I recently got to sit down and speak with Alexander Barsov, the founder of New York Piano School, which he brought to NYC in January 2020. In our interview below, you’ll learn more about what sets him and his team of instructors apart, and what they’re offering to those who have an interest in learning piano!
Can you tell me about your background?
Musically, my background is in classical composition and piano. I have a conservatory degree in composition and also studied classical piano and pedagogy with Alexander Budyonny. As for my own teaching, I’ve worked with students of all ages and backgrounds, from 3-year olds to 70-year olds. Everyone from complete beginners, to students who have played for a few years and are looking for a new teacher, to retired adults who took lessons in their youth and now want to play Bach again.
What makes your approach special?
We believe strongly in the importance of imaginative and creative thinking in piano playing and music-making. The technical side of playing an instrument is just as important, but it is nothing if it isn’t combined with imaginative musical thinking! When we play, we have to consider the character of the music we’re playing, and to ‘show’ that character in our playing. We try to get children to think creatively about the music from a very young age. Even the simplest little piece for beginners can be played musically and expressively!

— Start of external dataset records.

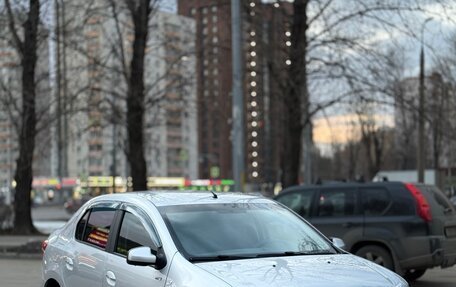 Renault Logan II, 2018 год, 850 000 рублей, 3 фотография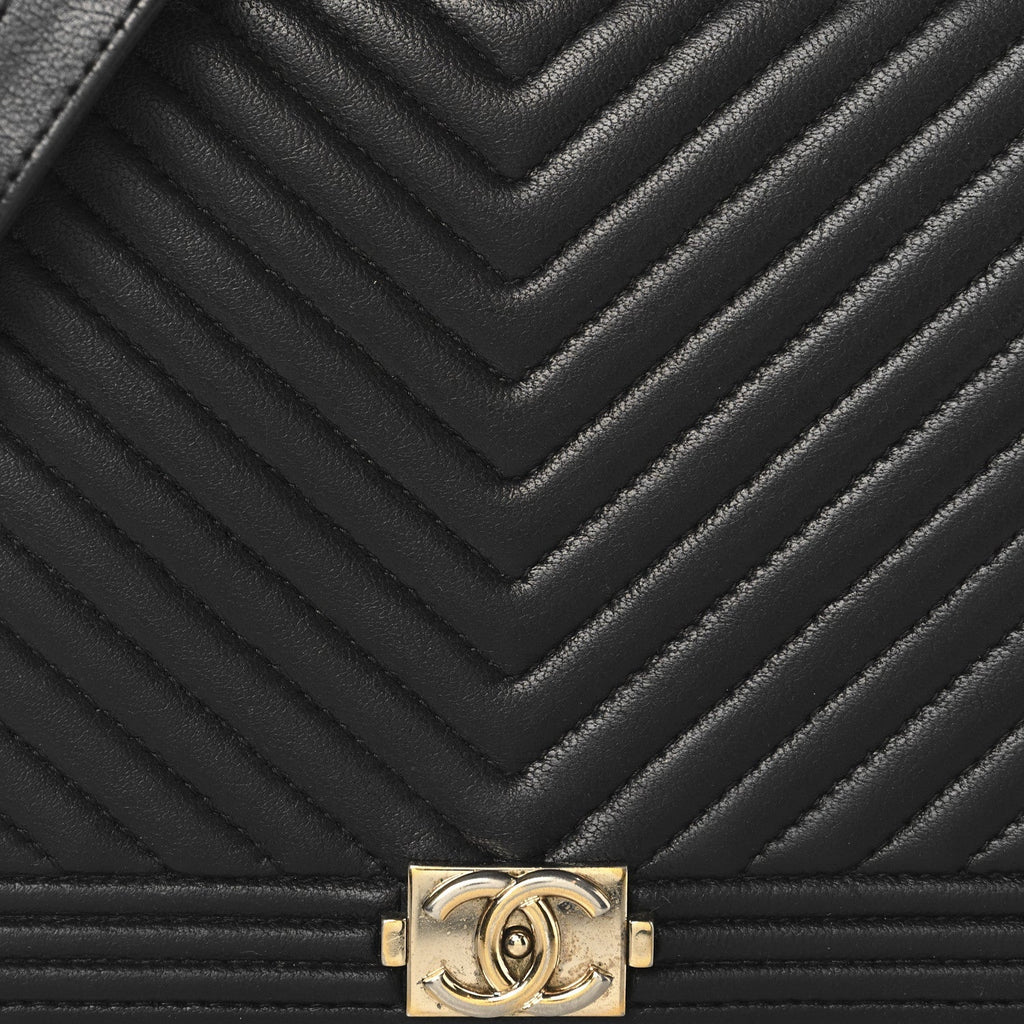 Lambskin Chevron Boy Wallet On Chain WOC Black
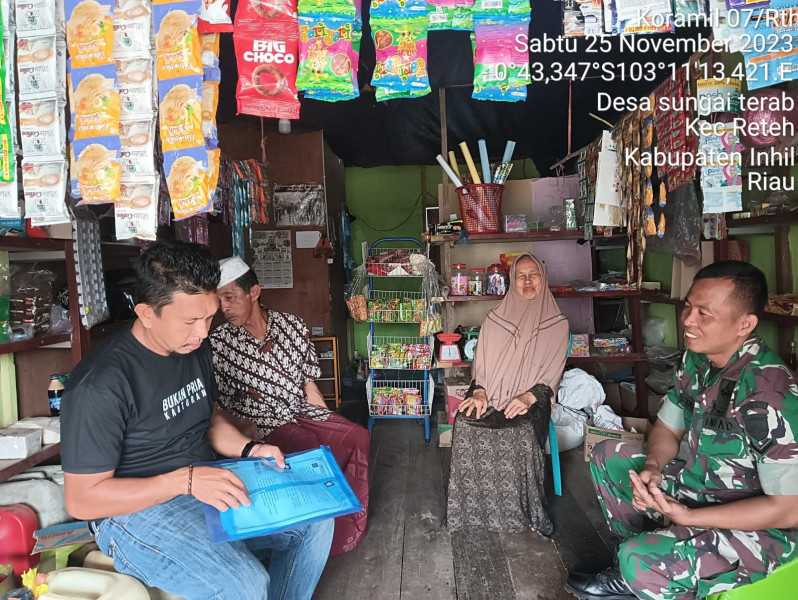 Jaga Kebersihan Lingkungan, Koramil 07/Reteh Ajak Masyarakat Untuk Terus Menjaga Daerah Binaan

We also teach our students how to practice effectively. Oftentimes, people think practicing the piano (or any instrument) is mindless repetition, but that’s both ineffective and boring. We help our students develop practicing skills that help them reach their goals, while engaging their interest.
Are you currently giving lessons in person, or virtually? Or both?
This summer it’s been only virtual. For fall, the plan is to offer (masked) in-person lessons for families who are comfortable with that, and fully virtual lessons for those who would prefer the digital method. Those who register for in-person lessons will be able to switch to virtual at any time, and vice versa.
How do these virtual sessions work, exactly?
Virtual music lessons are like everything else children have recently been doing virtually, with the added presence of a piano or keyboard. Students connect with the piano teacher on Facetime, Skype or Zoom. The student’s device is typically placed to the student’s side, so they can see the teacher and the teacher can see them.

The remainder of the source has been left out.